Designing haptic icons to support an urgency-based turn-taking protocol Chan, Andrew


Collaboration is taking place increasingly between individuals living in different cities, countries, or continents. Instead of relying on time-consuming, expensive, and exhausting business travel, companies are turning to web conferencing systems, Internet-based systems that support distributed meetings, training, and collaboration. These systems support view-sharing, where an individual can share an application with his or her collaborators, allowing them to view and interact with the application in real-time. While flexible, these systems only permit one user to control the application at a time, necessitating a turn-taking protocol. Current web conferencing systems depend heavily on visual elements like dialog boxes or tool-tips to deliver messages such as requests for control. However, the collaborative tasks being performed are typically highly visual in nature themselves, meaning that messages can either intrude or be missed.

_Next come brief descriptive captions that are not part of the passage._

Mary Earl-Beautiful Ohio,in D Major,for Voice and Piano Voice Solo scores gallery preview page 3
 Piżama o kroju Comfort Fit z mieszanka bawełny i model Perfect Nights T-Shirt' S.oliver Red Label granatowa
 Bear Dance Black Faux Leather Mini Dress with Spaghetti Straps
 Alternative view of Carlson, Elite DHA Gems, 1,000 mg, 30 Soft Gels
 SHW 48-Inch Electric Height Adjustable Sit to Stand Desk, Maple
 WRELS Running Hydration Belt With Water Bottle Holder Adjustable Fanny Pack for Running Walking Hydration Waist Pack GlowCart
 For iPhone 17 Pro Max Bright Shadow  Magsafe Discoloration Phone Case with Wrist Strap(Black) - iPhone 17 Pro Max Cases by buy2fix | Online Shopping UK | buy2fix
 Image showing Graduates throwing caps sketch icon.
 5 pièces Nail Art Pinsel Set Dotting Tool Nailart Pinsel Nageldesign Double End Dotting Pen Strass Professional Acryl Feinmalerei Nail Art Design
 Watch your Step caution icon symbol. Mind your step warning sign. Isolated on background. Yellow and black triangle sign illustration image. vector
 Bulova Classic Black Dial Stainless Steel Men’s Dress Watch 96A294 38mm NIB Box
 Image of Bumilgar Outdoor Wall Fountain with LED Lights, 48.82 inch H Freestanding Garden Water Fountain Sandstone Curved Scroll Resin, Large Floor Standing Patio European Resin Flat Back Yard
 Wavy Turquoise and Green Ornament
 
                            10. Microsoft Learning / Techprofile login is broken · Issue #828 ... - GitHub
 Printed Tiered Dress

Another shortcoming of current systems is that they fail to support flexibility in requesting control, something we take for granted in face-to-face collaboration. In this thesis, we introduce a novel urgency-based turn-taking protocol, where users can request control with two levels of urgency or immediately take control. Haptic icons, touch-sense stimuli that have been assigned a meaning, are used in this protocol to periodically inform a user of the current turn-taking state. Our research was conducted in three phases. First, we designed the protocol and selected a set of haptic icons. Next, we evaluated the ability of subjects to learn the haptic icons and identify them under different amounts of cognitive workload. Finally, we recruited groups of subjects to use the protocol in a collaborative environment and evaluated their performance. Our results show that haptic feedback is a viable channel for communicating turn-taking information. The haptic icons can be learned in a reasonable amount of time and recalled with high accuracy. As well, users in control are more responsive to requests for control and control is shared more equally among group members when haptic feedback is present. The urgency-based protocol also shows promise when used with haptic feedback.